**Work task**
Copy the data below exactly. Any pictures in it should be omitted.

**Input data**

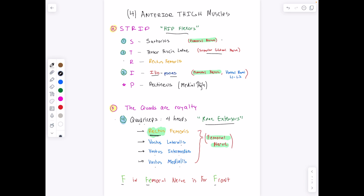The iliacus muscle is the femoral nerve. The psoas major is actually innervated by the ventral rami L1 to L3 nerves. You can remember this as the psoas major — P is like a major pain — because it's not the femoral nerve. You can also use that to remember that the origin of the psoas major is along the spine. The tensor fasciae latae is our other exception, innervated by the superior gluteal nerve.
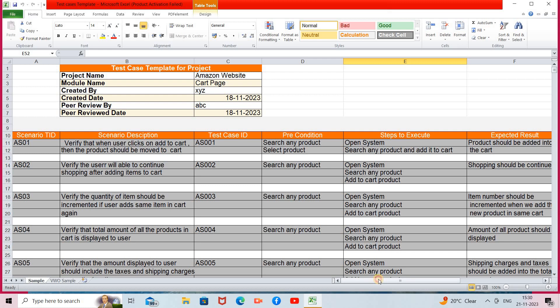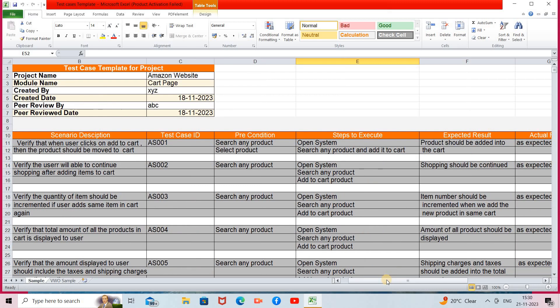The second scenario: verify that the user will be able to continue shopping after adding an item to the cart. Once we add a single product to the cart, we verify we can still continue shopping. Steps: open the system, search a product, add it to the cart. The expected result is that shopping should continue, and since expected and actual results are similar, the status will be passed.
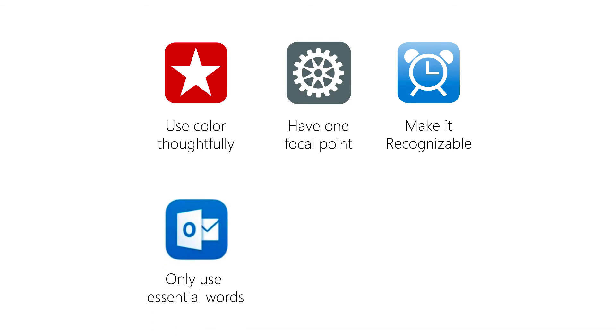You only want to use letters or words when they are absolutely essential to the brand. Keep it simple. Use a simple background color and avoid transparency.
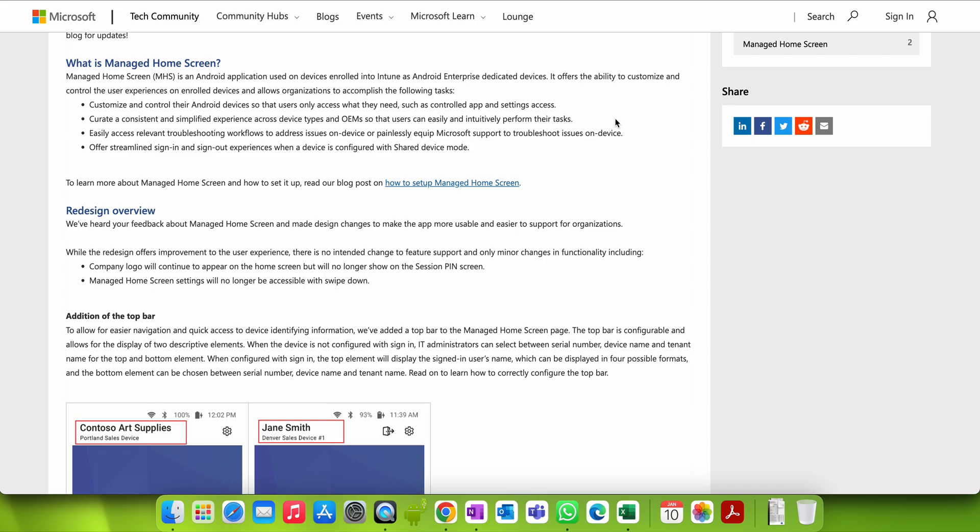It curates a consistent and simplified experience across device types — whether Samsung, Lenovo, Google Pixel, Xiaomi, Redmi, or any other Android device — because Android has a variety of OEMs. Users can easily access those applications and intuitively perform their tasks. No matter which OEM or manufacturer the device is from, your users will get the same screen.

**Completed exercise**
The iliacus muscle is the femoral nerve. The psoas major is actually innervated by the ventral rami L1 to L3 nerves. You can remember this as the psoas major — P is like a major pain — because it's not the femoral nerve. You can also use that to remember that the origin of the psoas major is along the spine. The tensor fasciae latae is our other exception, innervated by the superior gluteal nerve.
The second scenario: verify that the user will be able to continue shopping after adding an item to the cart. Once we add a single product to the cart, we verify we can still continue shopping. Steps: open the system, search a product, add it to the cart. The expected result is that shopping should continue, and since expected and actual results are similar, the status will be passed.
You only want to use letters or words when they are absolutely essential to the brand. Keep it simple. Use a simple background color and avoid transparency.
It curates a consistent and simplified experience across device types — whether Samsung, Lenovo, Google Pixel, Xiaomi, Redmi, or any other Android device — because Android has a variety of OEMs. Users can easily access those applications and intuitively perform their tasks. No matter which OEM or manufacturer the device is from, your users will get the same screen.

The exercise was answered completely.